A ‘santa’ falou apenas duas frases, de uma tal maneira e com uma voz tão estranhamente modulada que os presentes se viram incapazes de comentar o gesto da ‘simpática mocinha’”. Até então calada, Ozita teria dito soturnamente, com entonação emitida das entranhas: “Pois avise o senhor Governador que se prepare para receber o castigo. Deus é justo!” Ou teria enunciado: “O Céu o castigará”, na versão do O Jornal, do Rio de Janeiro. De uma forma ou outra, a praga estava lançada.

Ozita reembarcou no jipe usando um jornal para ocultar o rosto do estouro luminoso das câmeras fotográficas, “e atravessou a Praça do Ferreira como uma rainha, seguida de seu grande séquito”, concluíra aliviado Luciano, para quem “o Governo, a braços com tantos problemas, não pode nem deve perder mais tempo com uma mulher vulgar.

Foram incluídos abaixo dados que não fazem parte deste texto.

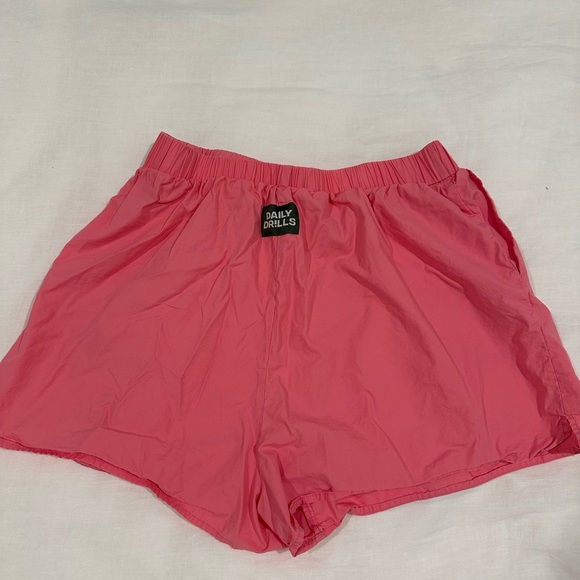 DAILY DRILLS !!! Poplin Resort Shorts - - Picture 3 of 4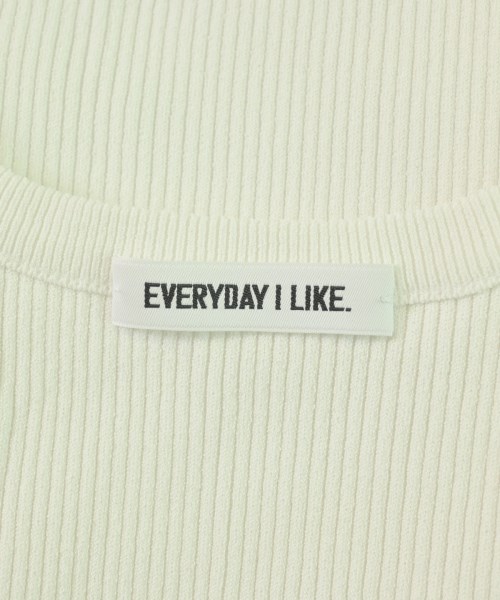 EVERYDAY I LIKE（エブリデイアイライク）ベスト/ノースリーブ 白 サイズ:-(M位) レディース/2200713227017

O Jornal detalhou ter a multidão passado sem manifestações de agressão diante do edifício-sede dos Diários Associados, que vinha “combatendo violentamente as mistificações de Ozita” A vidente ainda permaneceu mais uns dias em Fortaleza. Sua proposta de atuar no Instituto dos Cegos foi recusada e findou retornando às origens, a rua Visconde de Goiana, Recife, de onde seu périplo prosseguiria para aonde mais determinasse a Voz.

 

Angela Barros Leal é jornalista e escritora.